Uyuşmazlığın, TMK’nın 737. maddesi hükmü çerçevesinde incelenmesi ve giderilmesi gerekmektedir. “Komşu Hakkı” başlıklı TMK’nın 737. maddesi mülkiyet hakkı sınırlarının aşılarak başkalarına zarar verilmesi veya zarar tehlikesi yaratılması halinde taşınmaz malikinin sorumluluğunu düzenlemiştir. Komşuluk hukukunu taşınmaz malların kullanılmasını doğrudan doğruya veya dolayısı ile sınırlayan özel hukuk hükümleri oluşturur. Taşınmazların, yer itibariyle birbirlerine bitişik veya yakın olması komşu taşınmaz maliklerine bunlardan yararlanırken veya bunları kullanırken birbirlerinin durum ve menfaatini gözönünde tutmak ödevi yüklemiştir. Birlikte yaşama zorunluluğunun bir sonucu olarak komşuluk ilişkileri taşınmaz malikinin haiz olduğu yetkileri belirli oranda kısarak sınırlar. Bundan amaç, komşular arasında imkan eşitliği ve dolayısı ile dayanışmayı sağlamaktır. TMK’nın 737. maddesinde sıralanan duman, buğu, kurum, toz, koku çıkarmak, gürültü veya sarsıntı yaparak rahatsızlık vermek gibi yasaklamalar sınırlı değildir. Komşuluk hukukuna aykırılığın bulunup bulunmadığını her olayın özelliğine göre ve özellikle o konudaki emsaller ile yerel örf ve adete uygun tayin etmek gerekir.
Mahkemece, yapılacak araştırmalarla somut olayın özelliği, komşu taşınmazların yerleri, nitelikleri, konumları, kullanım amaçları gözönünde tutularak, normal bir insanın hoşgörü ve tahammül sınırlarını aşan bir elatmanın bulunup bulunmadığı tespit edilmelidir.
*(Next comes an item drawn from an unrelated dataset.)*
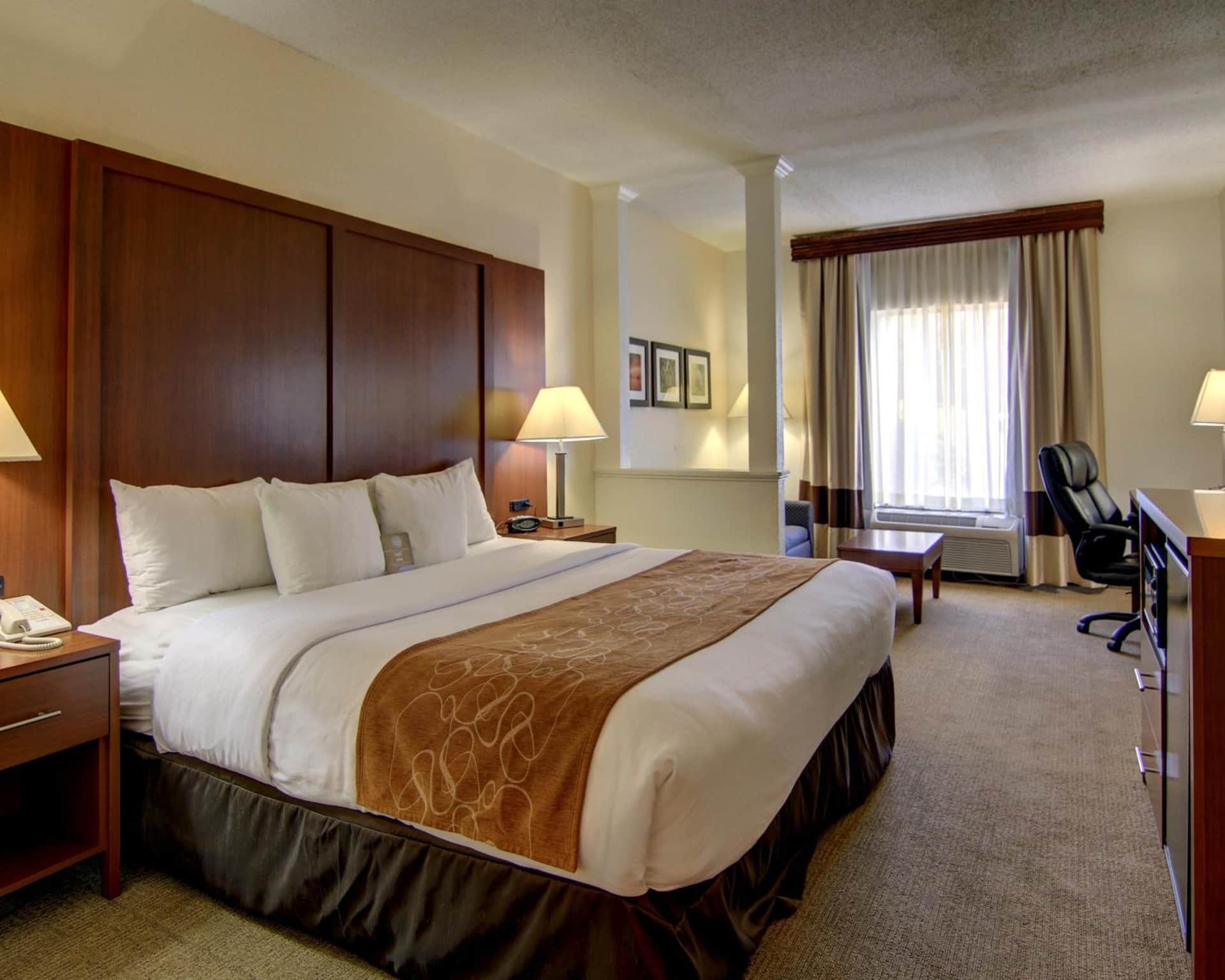 Comfort Suites Cumming-Atlanta near Northside Hospital Forsyth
Davacının subjektif ve aşırı duyarlılığı ile değil, objektif her normal insanın duyarlılığına göre elatmaya katlanıp katlanamayacağı araştırılmalı, sonuçta katlanılabilir hoşgörü sınırlarını aşan bir zarar veya elatmanın varlığı tespit edildiği takdirde mülkiyet hakkının taşkın olarak kullanıldığı sonucuna varılmalıdır.
Taşkın kullanma belirlendiği takdirde elatmanın tamamen ortadan kaldırılması veya tahammül sınırları içerisine çekilebilmesi için ne gibi önlemlerin alınması gerektiği bilirkişiler aracılığı ile tespit edilerek tarafların yarar ve çıkarları gözetilerek bunların en uygununa karar verilmelidir.
Mahkemece kurulacak hükümde zararlı davranışın giderim şeklinin ve taraf yükümlülüklerinin açıkça gösterilmesi zorunludur.
Somut olaya gelince, davalı tarafa ait işletmenin faaliyetinden kaynaklanan gürültünün teknik aletlerle ölçümü yapılmadan gürültü seviyesinin hoşgörü sınırlarının üzerinde olup olmadığı tespit edilmeden, yapılacak inceleme sonucunda gürültü seviyesinin hoşgörü sınırlarının üzerinde olduğunun tespiti halinde davalı tarafından alınabilecek önlemlerin neler olacağı gösterilmeden ve davalı tarafından dosyaya ibraz edilen 25/12/2013 tarihli rapor ile oluşan çelişki giderilmeden eksik araştırma ve inceleme ile yazılı olduğu şekilde hüküm kurulması doğru görülmemiş kararın bozulması gerekmiştir.
SONUÇ: Yukarıda açıklanan nedenlerle, davacılar vekilinin temyiz itirazlarının kabulü ile hükmün BOZULMASINA, peşin yatırılan harcın istek halinde yatıranlara iadesine, kararın tebliğinden itibaren 15 gün içinde karar düzeltme yolu açık olmak üzere, 09.10.2019 tarihinde oy birliği ile karar verildi.